--- Dataset extract Enclosed Below ---

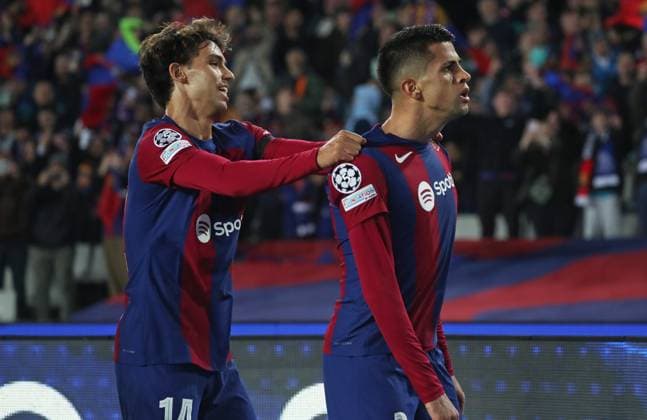 FC Barcelona, Barca v FC Porto: Group H - UEFA Champions League 2023 24 Joao Cancelo and Joao Felix are celebrating a goal during the match between FC Barcelona and FC Porto for week 5 of the group stage of the UEFA Champions League, played at the Olympic Stadium Lluis Companys in Barcelona, Spain, on November 28, 2023. Barcelona Barcelona Spain  Copyright: xUrbanandsportx originalFilename:urbanandsport-fcbarcel231128_npZ2G.jpg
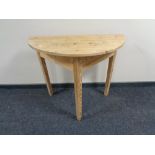 An antique pine D-shaped table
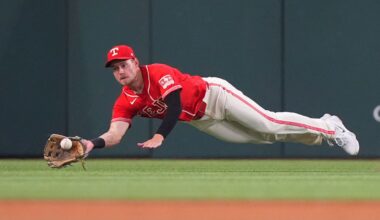 Texas Rangers left fielder Jarred Kelenic dives to catch a fly ball hit by San Diego Padres Jackson Merrill during the sixth inning of a baseball game, Saturday, June 20, 2026, in Arlington, Texas. (AP Photo/LM Otero)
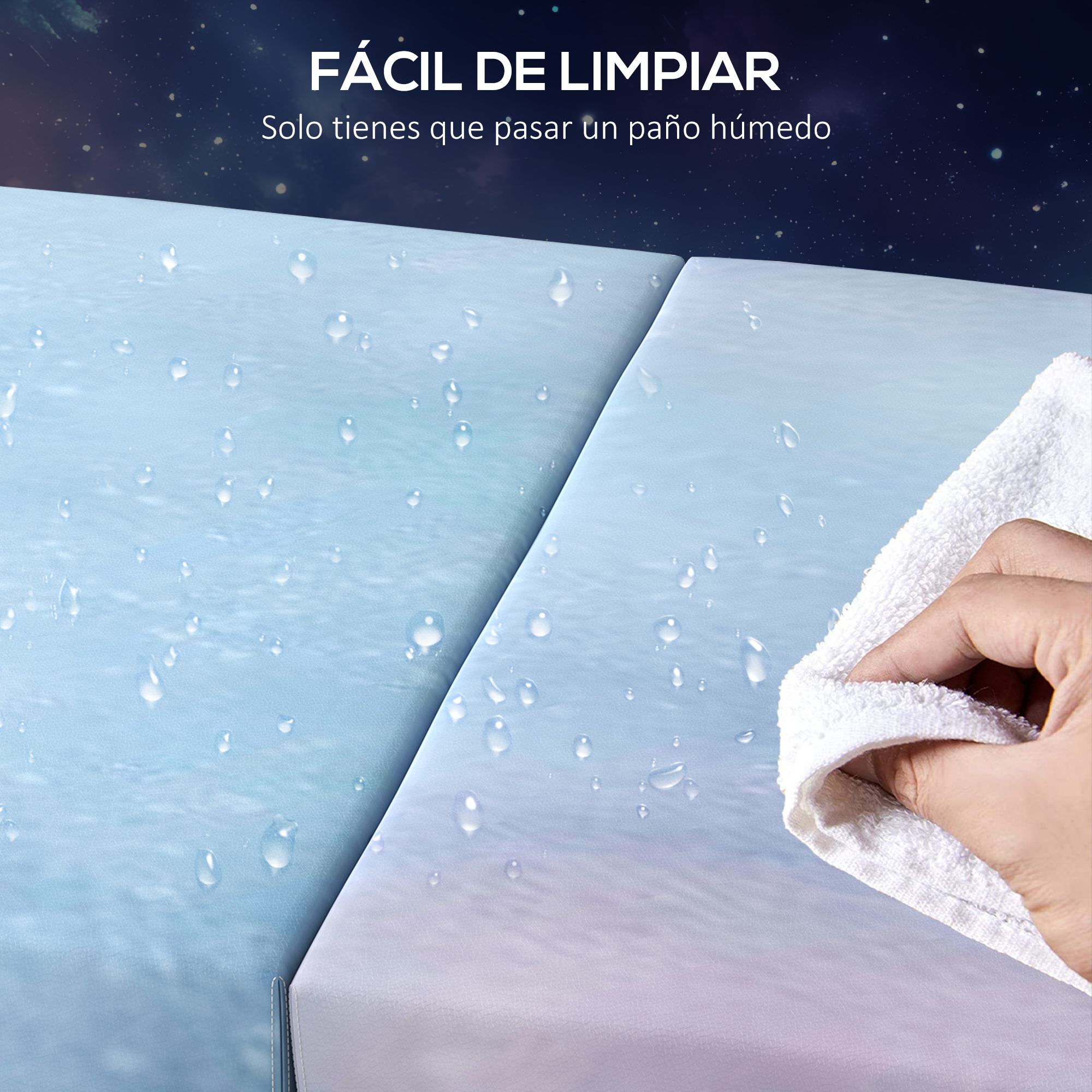 Una mano limpia una superficie azul con gotas de agua con un paño blanco.
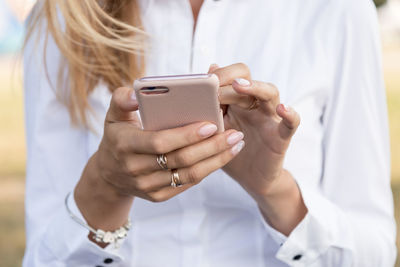 Midsection of woman using mobile phone
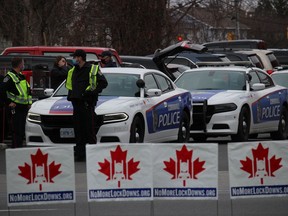 Part of the Cornwall Police Service presence, on the other side of Pitt St. and near the Cornwall March for Freedom. Photo on Saturday, November 21, 2020, in Cornwall, Ont. Todd Hambleton/Cornwall Standard-Freeholder/Postmedia Network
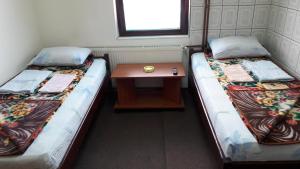 Letto o letti in una camera di Mico NP Guest House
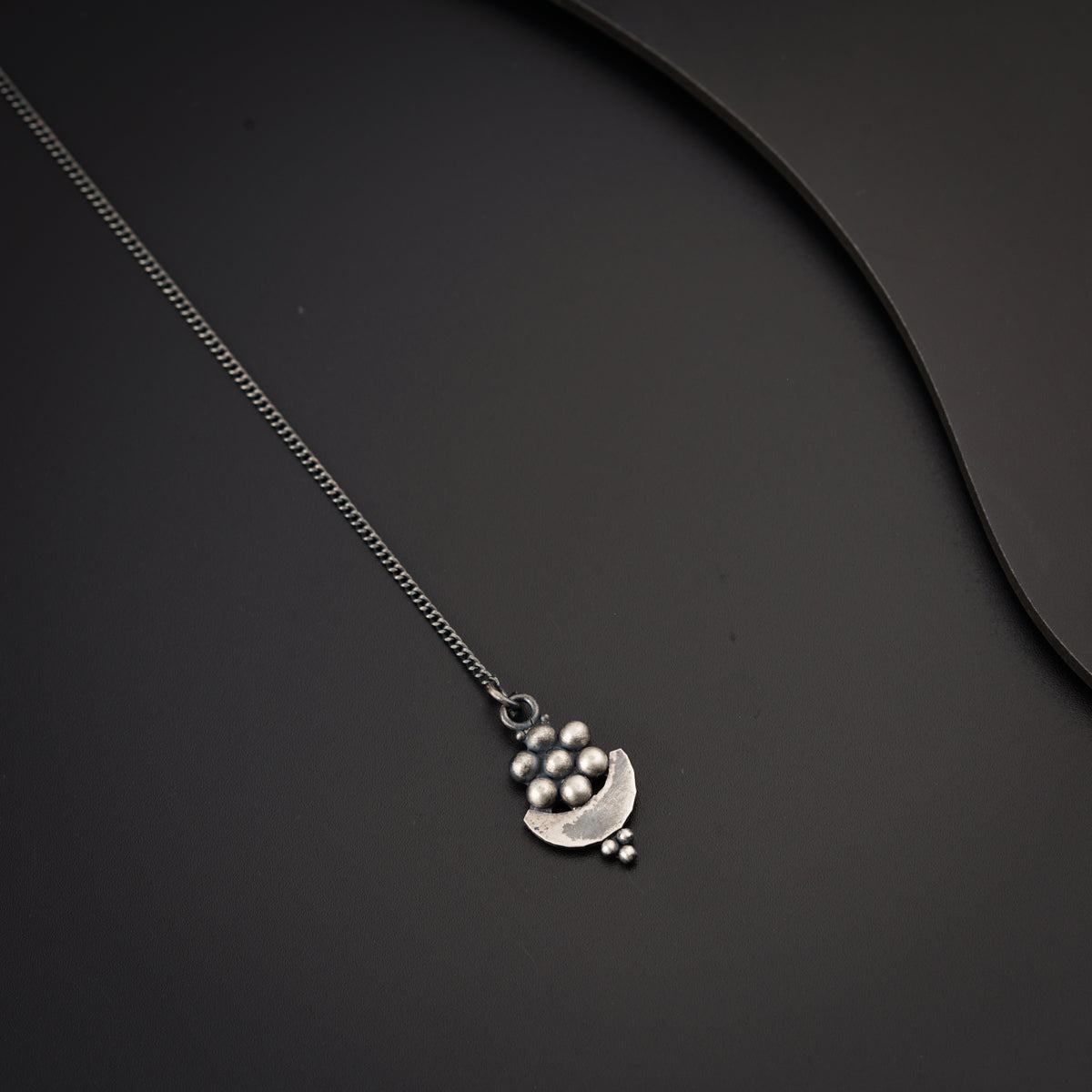 a silver necklace on a black surface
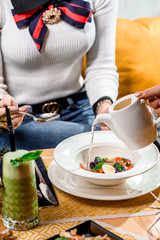 Beautiful serving of vegetable broth in the restaurant. Bouillon is poured from a white teapot into a white plate of vegetables. Girl eating soup in a restaurant. close up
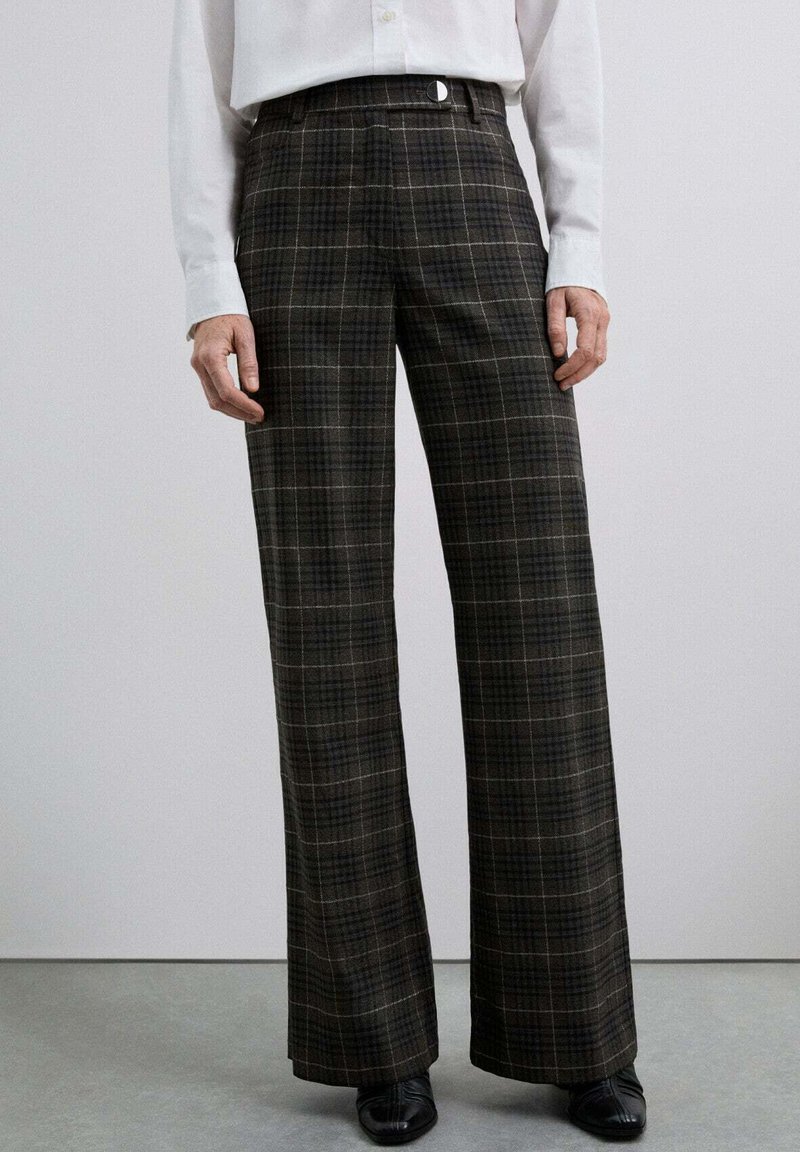 Pantalons à carreaux brun et gris avec une taille haute, des jambes larges et une texture lisse. Présente une fermeture frontale élégante et des poches arrière.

--- End of Enclosed Dataset extract ---

Work instructions: Only the lines from the one with "Midsection of woman using mobile phone" through the last line of the records above are wanted, copied exactly and with pictures omitted.

Task response:
 Midsection of woman using mobile phone
 Part of the Cornwall Police Service presence, on the other side of Pitt St. and near the Cornwall March for Freedom. Photo on Saturday, November 21, 2020, in Cornwall, Ont. Todd Hambleton/Cornwall Standard-Freeholder/Postmedia Network
 Letto o letti in una camera di Mico NP Guest House
 a silver necklace on a black surface
 Beautiful serving of vegetable broth in the restaurant. Bouillon is poured from a white teapot into a white plate of vegetables. Girl eating soup in a restaurant. close up
 Pantalons à carreaux brun et gris avec une taille haute, des jambes larges et une texture lisse. Présente une fermeture frontale élégante et des poches arrière.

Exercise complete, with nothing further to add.